Please reproduce, exactly as given, the lines running from the start of the data to the line containing "PARFUM DUBAI FLOWERS", inclusive, and omit the pictures.
BEGIN Provided material
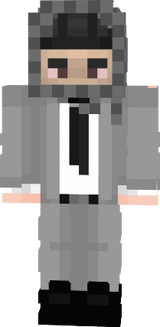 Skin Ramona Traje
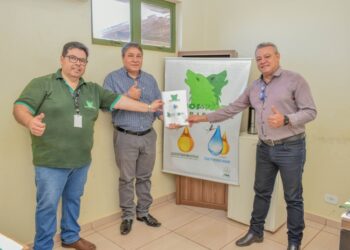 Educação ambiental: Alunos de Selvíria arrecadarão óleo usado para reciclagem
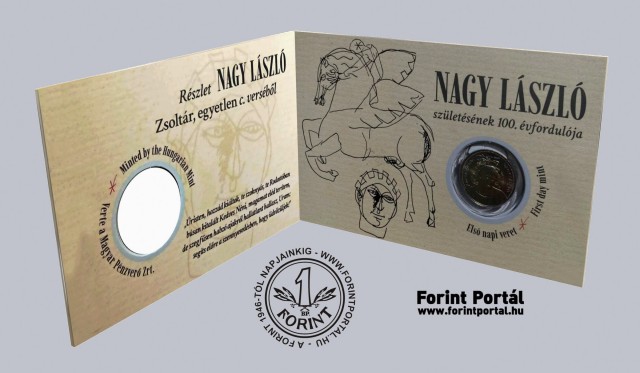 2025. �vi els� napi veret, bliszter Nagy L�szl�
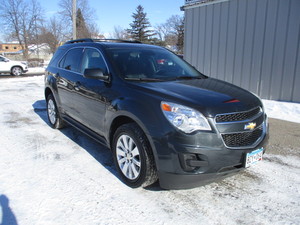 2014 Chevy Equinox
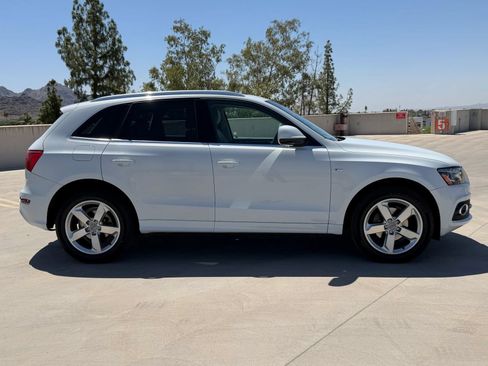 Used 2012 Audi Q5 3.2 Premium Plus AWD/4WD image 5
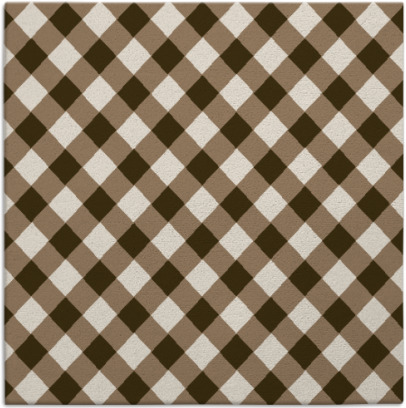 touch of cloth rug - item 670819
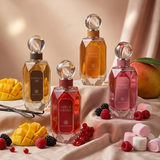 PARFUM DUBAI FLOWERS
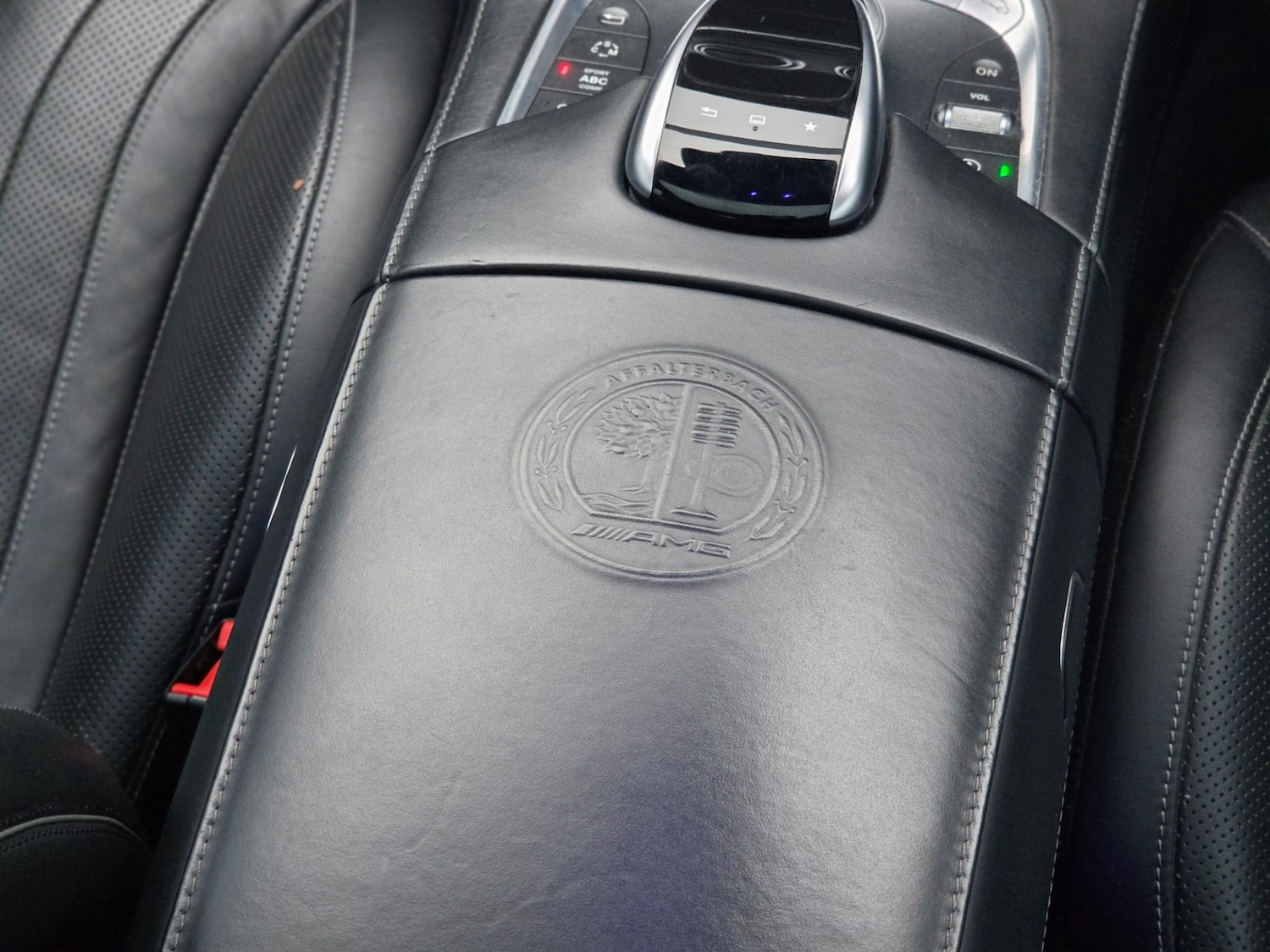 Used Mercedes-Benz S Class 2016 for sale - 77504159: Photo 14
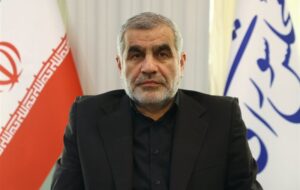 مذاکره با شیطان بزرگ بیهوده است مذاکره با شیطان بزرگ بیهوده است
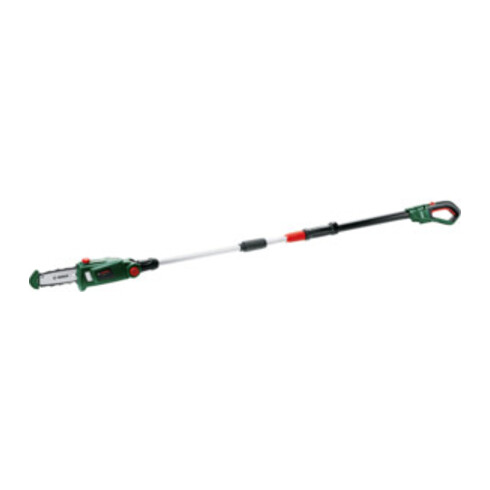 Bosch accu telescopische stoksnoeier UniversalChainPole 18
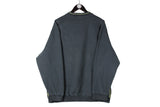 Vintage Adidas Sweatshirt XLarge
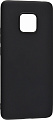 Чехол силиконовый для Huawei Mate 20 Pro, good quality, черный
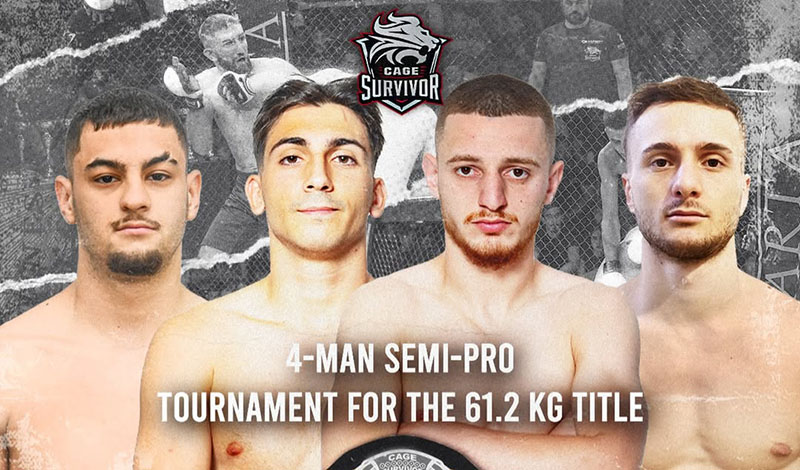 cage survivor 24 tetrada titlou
END Provided material
■ **Exercise output**:
 Skin Ramona Traje
 Educação ambiental: Alunos de Selvíria arrecadarão óleo usado para reciclagem
 2025. �vi els� napi veret, bliszter Nagy L�szl�
 2014 Chevy Equinox
 Used 2012 Audi Q5 3.2 Premium Plus AWD/4WD image 5
 touch of cloth rug - item 670819
 PARFUM DUBAI FLOWERS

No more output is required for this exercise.